Tuesday, March 4, 2014
State and Local Stories
Portsmouth city officials have known for some time that their televised City Council meetings have a following. When the council decided to stop airing the public comment portion of the meetings early last year, the outcry was so swift that the council reversed its decision. The popularity of televised council meetings in Portsmouth appears to stem largely from two factors: The city's elderly population is especially devoted to watching, city staffers say. And the meetings in Portsmouth are often lively and animated enough to keep people glued to the set, residents say. "There's always something going on," Portsmouth community activist Joe Wright said. "It's like watching a suspense movie. It's going to erupt sooner or later."
Virginian-Pilot
One Virginia lawmaker is on a quest, one that unites members of both parties in irritation. “I’m fighting a lonely and largely losing battle,” said Sen. J. Chapman Petersen (D-Fairfax City). “I don’t know if anyone else shares this obsession. It might only be me.” A lawyer and onetime aspiring novelist, Petersen has made it his mission to edit other people’s bills. “Petersen’s here to take out a period and add a semicolon,” Sen. Thomas A. Garrett Jr. (R-Louisa) joked when his colleague walked in last week. “I get frustrated when laws and statutes are written in an obscure way, and it gets very difficult as a practicing attorney to figure out what the intent was, or what it means,” Petersen said. “So one of my goals is to simplify the law, so people can actually read it.”
Washington Post
The attorney for Supervisor Eugene Delgaudio (R-Sterling) Friday filed a subpoena for the Southern Poverty Law Center as part of the ongoing case in which a group of Sterling residents is seeking to oust him from office.
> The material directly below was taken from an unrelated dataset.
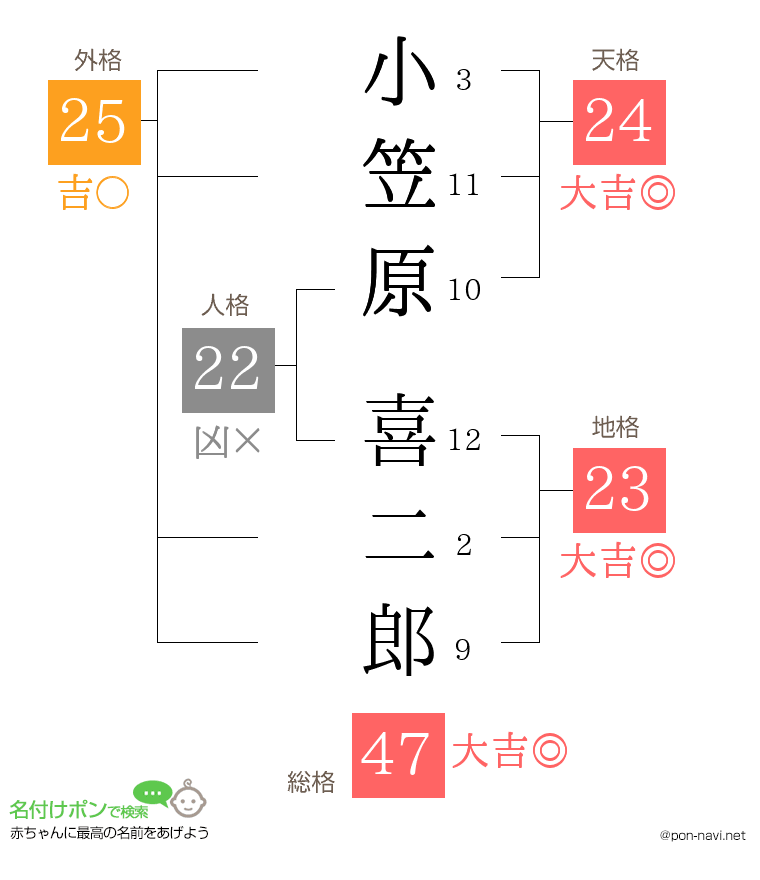 小笠原 喜二郎さんの姓名判断結果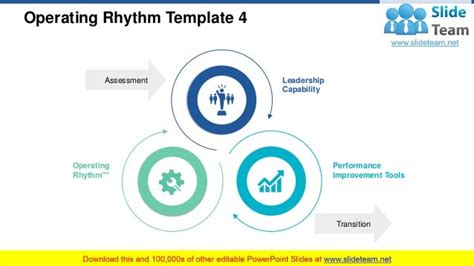 Operating Rhythm Powerpoint Presentation Slides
According to a statement issued by Delgaudio, attorney Charles King said the subpoena would be served to the SPLC, a nonprofit civil rights organization located in Montgomery, AL, later this week. The Southern Poverty Law Center has designated Delgaudio's private business, Public Advocate of the United States, a hate group because of its opposition to gay rights. The subpoena seeks all the documents the Southern Poverty Law Center has on Delgaudio and Public Advocate that led to the hate group designation, including "the criteria, research and decision process used…"
Leesburg Today
The centennial year of the University of Richmond’s student newspaper will be marked by its elimination. The Collegian will be an online-only news source starting in March. The decision came after about a year of mulling over how to operate more efficiently, outgoing Editor in Chief Marina Askari says. “This is the best way to move forward,” Askari says. “A lot of newsrooms are making this transition.”